Hoy salí temprano. Tenía que hacer trámites en lan obra social y la farmacia. Tomar el colectivo primero desde la Rotonda del Indio. Comprar algunas cosas. Nada fuera de lo común. Pero en invierno, lo común se vuelve hostil. Bajé con cuidado, como si estuviera caminando sobre minas antipersonales. Cada paso es una decisión existencial: ¿piso el hielo duro o el charco semi congelado? ¿voy por el pastito de al lado en la "vereda", lleno de escarcha, o me juego a pisar las piedritas sueltas de las casas?
Se los juro: caminar en Ushuaia en invierno no es caminar. Es negociar con la gravedad. Es pelearte con tu sombra que te adelanta y te recuerda que estás inclinado, que venís bajando, que cualquier mal cálculo es rodillazo seguro y orgullo roto. Y si tenés que tomar el colectivo, peor. Porque no hay vereda que perdone, de hecho ni siquiera hay vereda. No hay esquina sin su mini pista de patinaje. No hay un deshielo de montaña que se haya semi congelado y que no esconda una trampa.
Y uno va igual. Porque tiene que ir. Porque tiene que hacer la fila en el supermercado, firmar papeles, pagar cuentas, comprar huevos. El maple de huevos es una prueba de carácter: si podés volver con un maple sin romper ninguno, estás listo para lo que sea. Sos ninja. Sos Jedi. Sos fueguino natural o por opción.
Pero el tema es la vuelta. Porque la subida al Akar con las bolsas, el maple, el viento y el alma hecha jirones no es para cualquiera. Es una peregrinación. Es como subir al Gólgota con las chancletas rotas. Vas jadeando. Te resbalás de a poco. Te agarrás de los postes de luz como si fueran cruces salvadoras. Pensás: “¿Qué hago acá?” Pero seguís. Porque vivís ahí. Porque tu casa está ahí arriba. Porque uno aprende que no hay refugio sin riesgo, ni casi barrio sin pendiente.
A veces pienso que vivir en Ushuaia en invierno es un recordatorio permanente de nuestra fragilidad. Que no somos tan fuertes. Que un mal paso nos puede partir. Que todo lo que creemos tener controlado se puede ir al carajo por un poco de agua congelada.

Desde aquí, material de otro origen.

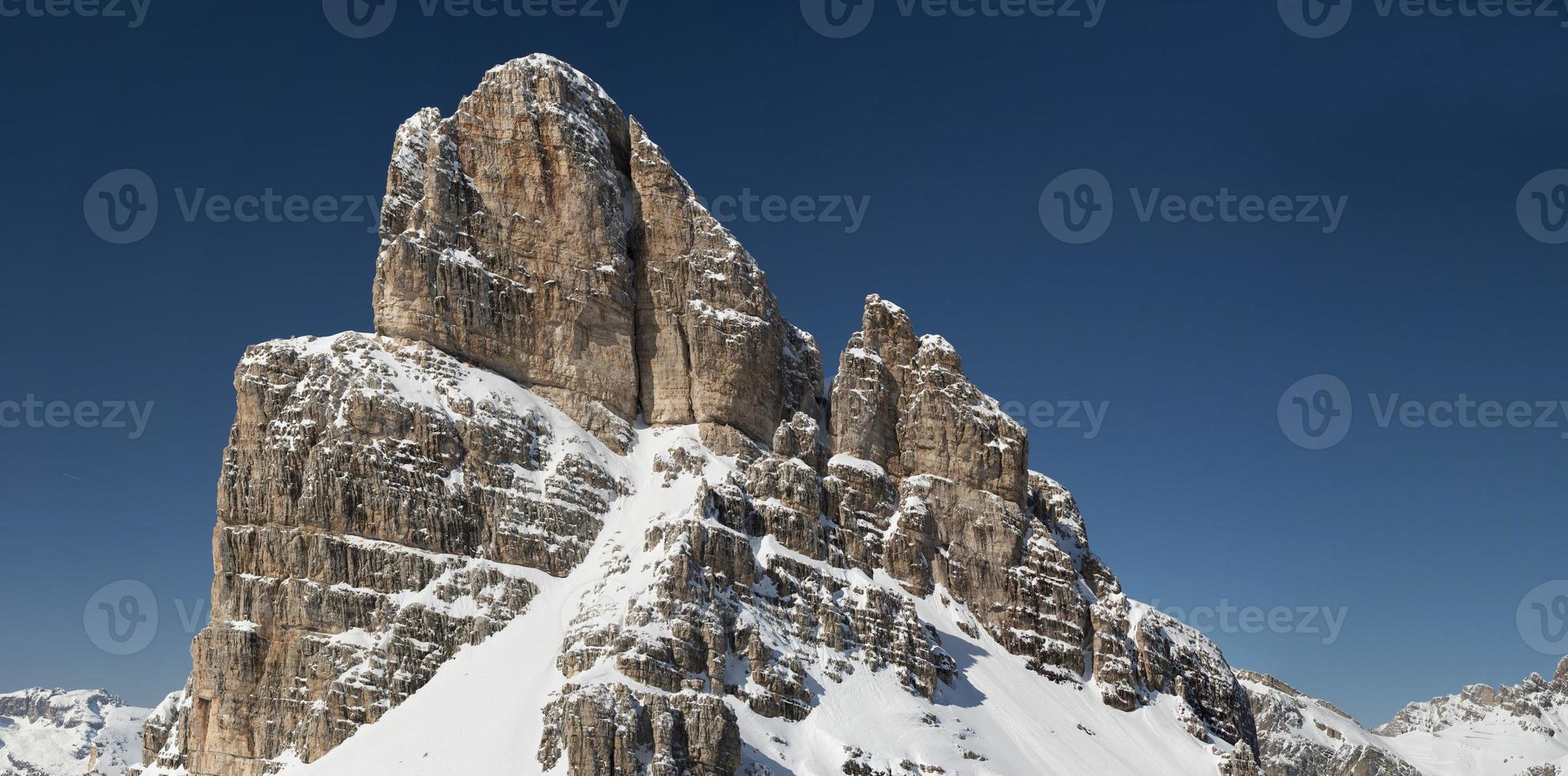 Dolomites énorme vue panoramique en hiver neige photo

Y sin embargo... seguimos.
Seguimos caminando. Con miedo, sí. Con rabia a veces. Con un rictus en la cara que no es por el frío, sino por la tensión de mantenernos de pie. Seguimos saliendo al mundo aunque el mundo nos muestre los dientes. Aunque la calle esté hecha una trampa.
Porque no todo el hielo está en las veredas. Hay hielos internos también. Inviernos que cargamos adentro, que no se derriten con calefacción ni con sopa. Y sin embargo, los enfrentamos igual. Día tras día. Aunque patinemos. Aunque duela. Aunque el maple venga con un huevo roto.
Porque vivir también es eso: caerse y seguir subiendo.